Corporate Partnerships: Deferral Still?
New section 34.2, stemming from the 2011 budget, addresses the issue
of tax deferral, which can arise when a corporation is a member of a
partnership that has a fiscal period that differs from the corporation’s
tax year. For example, if the former ends on January 31 and the latter
ends on December 31, the pre-budget rule was that the tax on 11 months
of income could be deferred for an entire taxation year. Many tax
practitioners expected that deferral would now be completely
unavailable, but the new measure appears to limit the deferral
opportunity rather than eliminate it completely.
Subject to transitional relief not discussed here, the new rules
create an income inclusion to the corporation for the adjusted stub
period accrual (ASPA). The ASPA is an estimate of the corporation’s
share of the income from the partnership that is earned during the
current corporate taxation year but is not taxable until the subsequent
corporate taxation year. More specifically, it is the income from the
partnership’s most recent T5013 slip multiplied by the ratio of A to B, where A
is the number of days in both (1) the fiscal period of the partnership
that begins in the current corporate taxation year and ends in the
subsequent corporate taxation year and (2) the corporation’s current
taxation year, and B is the number of days in the fiscal period
of the partnership that ends in the corporation’s current taxation
year. In the example above, the ratio of A to B is 334/365; thus, the ASPA is approximately 11 months of income.
This ASPA may not completely eliminate the deferral in some situations, such as the following.
Assume that a business conducted through a partnership is in the
early stages of its life cycle and is anticipating income growth on an
annual basis. Because the ASPA calculation does not require an
adjustment for anticipated growth beyond the most recent historical
income allocation, any annual growth in the partnership income may still
be subject to a one-year deferral.
Assume that a business is contemplating an acquisition of the
business assets of a target. The taxpayer might consider structuring the
acquisition through a new or existing partnership. The corporate
partners will have a taxation year that differs from the partnership’s
fiscal period. The ASPA calculation does not require an adjustment for
any acquisition-driven growth; therefore, it may be possible to defer a
portion of the income generated by the acquired assets during the first
fiscal period of the acquiring partnership for one taxation year.

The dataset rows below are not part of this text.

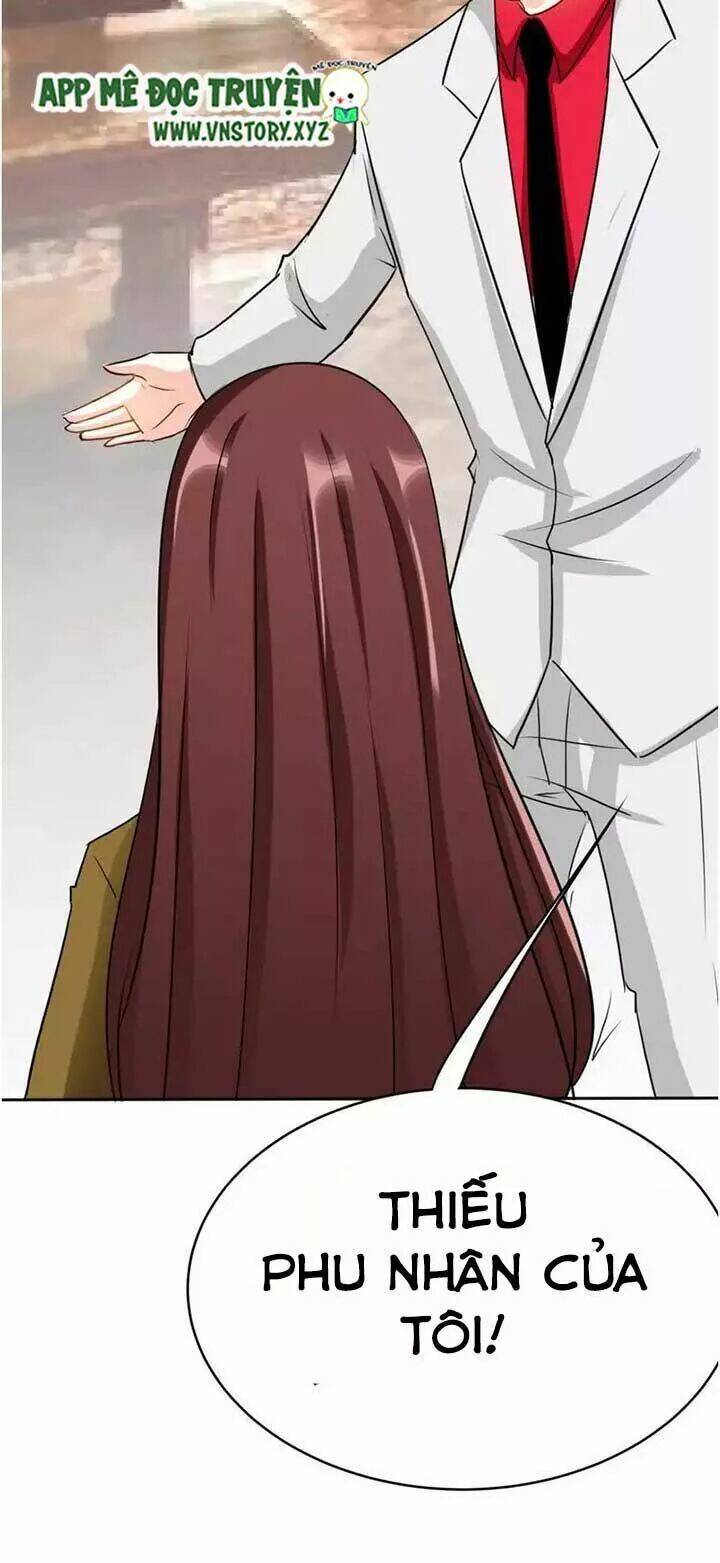 Đế Thiếu Chuyên Sủng Hắc Đạo Thê Chapter 101 - Trang 2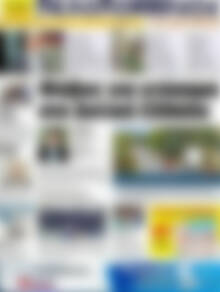 Πρωτοσέλιδο Πελοπόννησος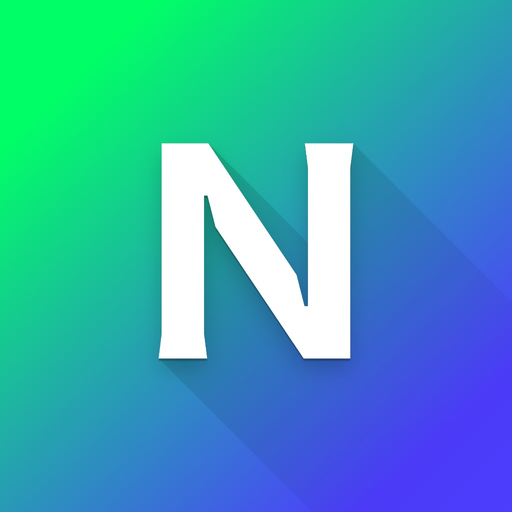 Nomoads – Ad Blocker app icon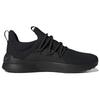 Adidas Lite Racer Adapt 5.0 Core Black Grey Sneaker GX6784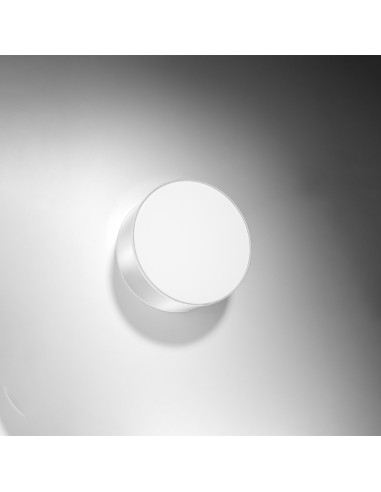 Plafon ARENA 25 szary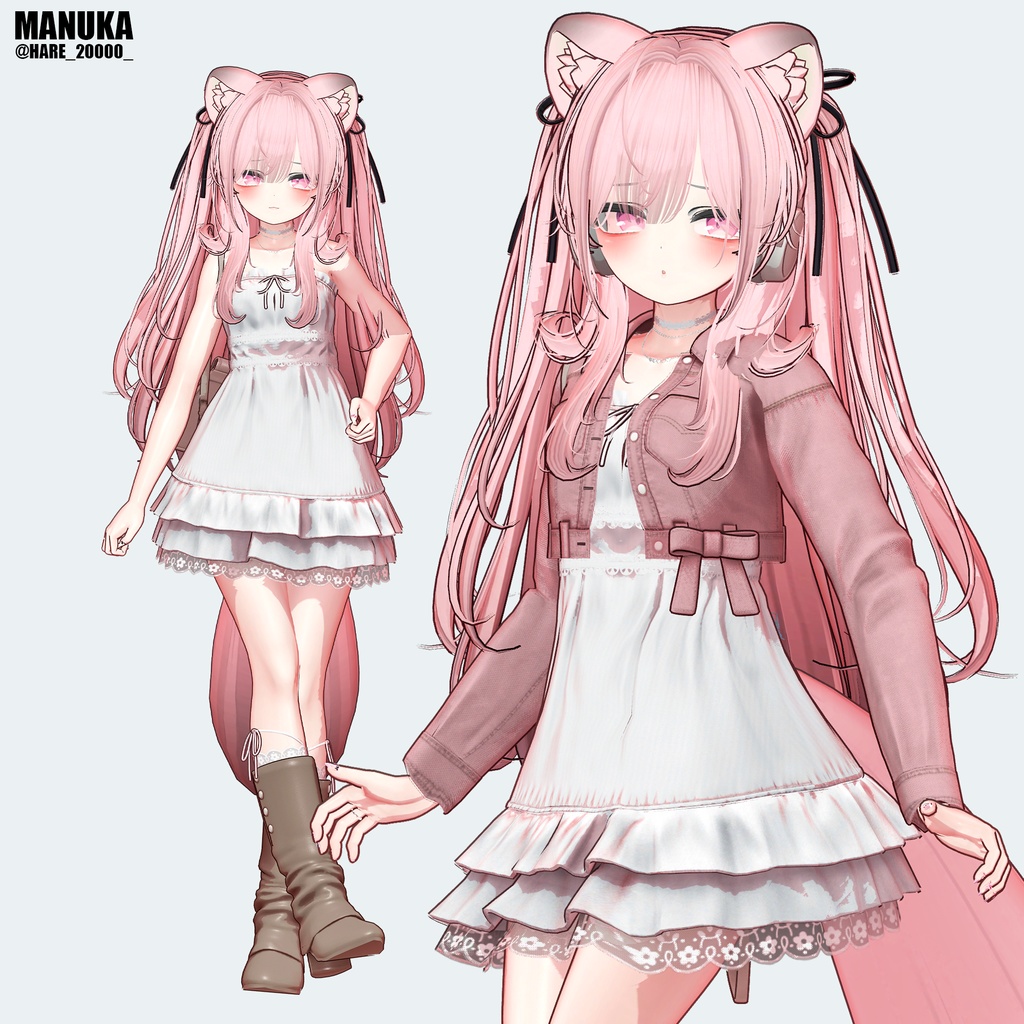 AFW【16アバター対応】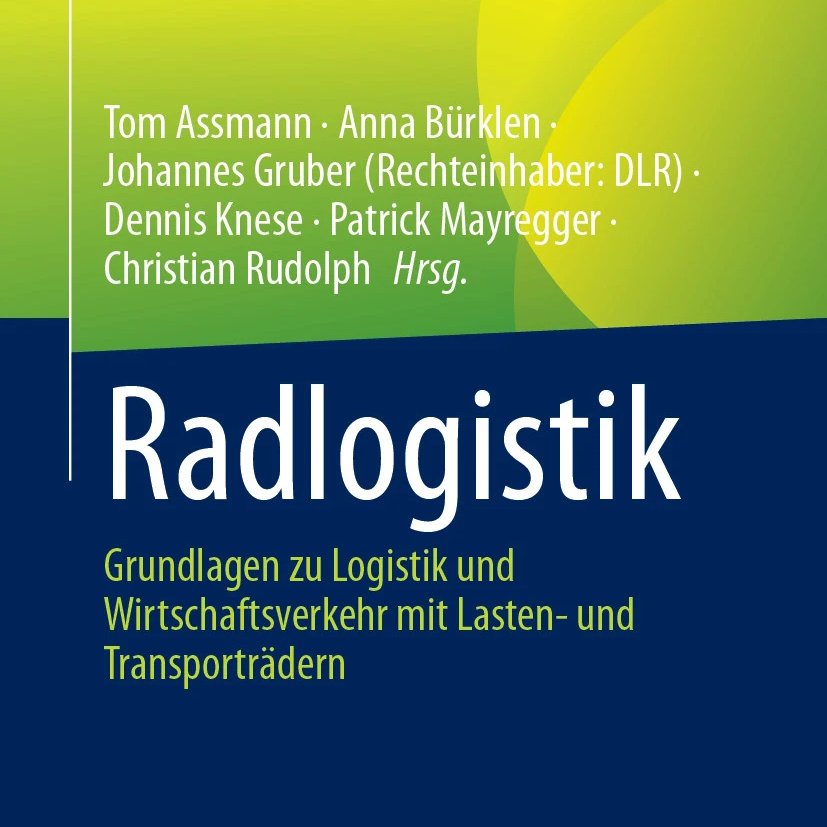 Ich entlaste Städte tweet media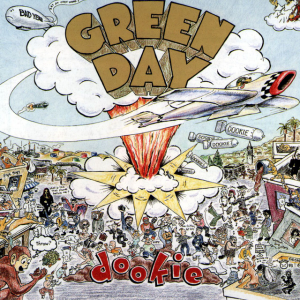 01 - Green Day - Basket Case.mp3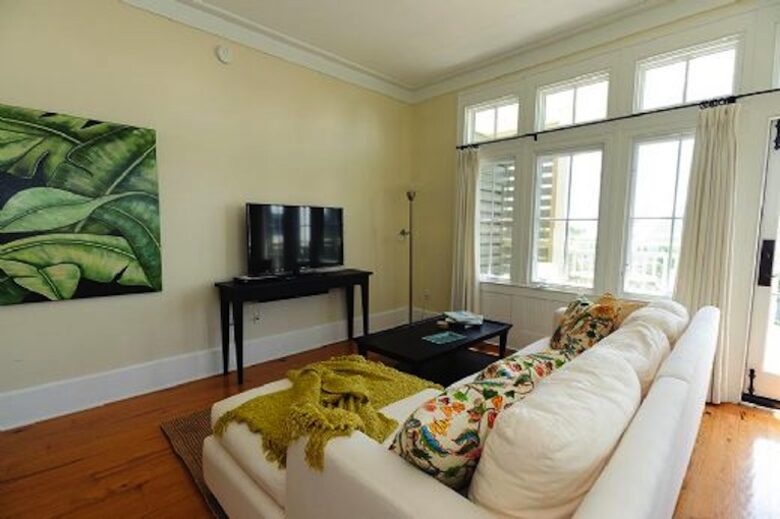 Watercolor Beach District - 30A - Santa Rosa Beach, Florida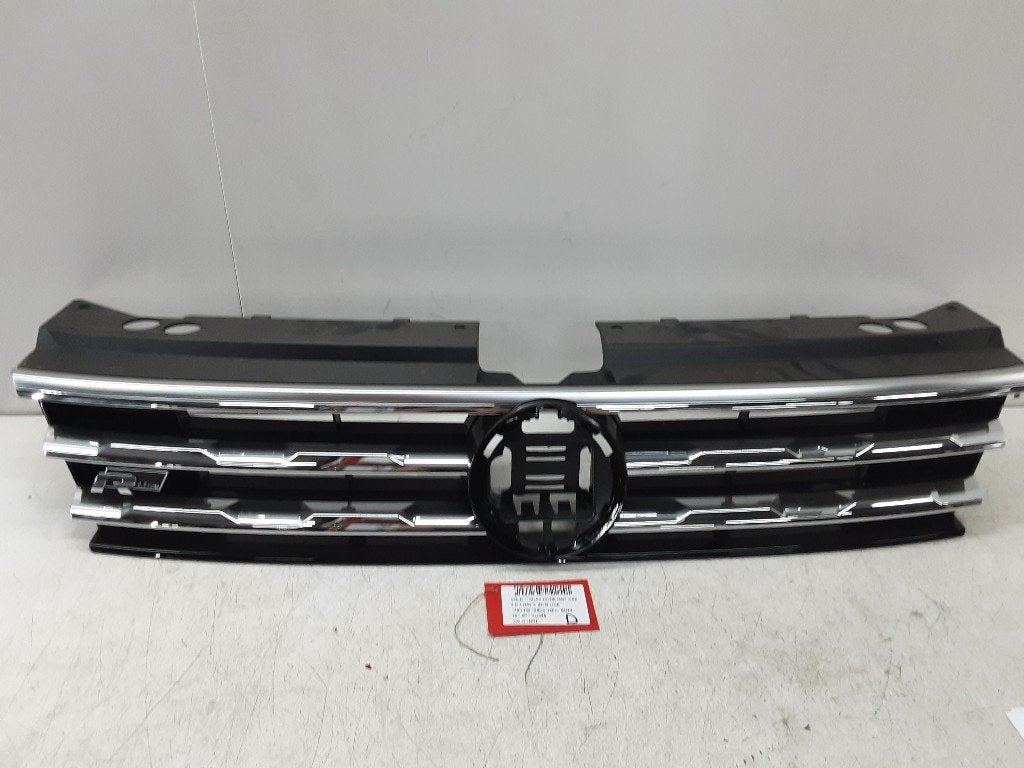 LUCHTROOSTER Volkswagen Tiguan (AD1) (5NN853651L), Gebruikt, Volkswagen, Mevr. I. Hauben, Rue de l'Espoir 34 34
4030  GRIVEGNÉE, BE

Assume that for business reasons, the corporate partners of an
operating partnership are contemplating the transfer of their
partnership interests to other corporate entities within a controlled
group of companies. The partnership has a January 31 fiscal period-end,
which differs from the December 31 taxation year-end for all of the
corporate entities within the group. The interests in the partnership
are transferred to other corporate entities on December 31. There should
not be an ASPA for the new corporate partners, on the basis that the
new corporate partners were not partners in the previous fiscal period.
Furthermore, there may not be an ASPA for the former partners, provided
that the former partners have no entitlement to a share of income for
the partnership fiscal period that ends on the January 31 immediately
following the reorganization year. Thus, partnership income earned
during the current stub period may be subject to a one-year deferral.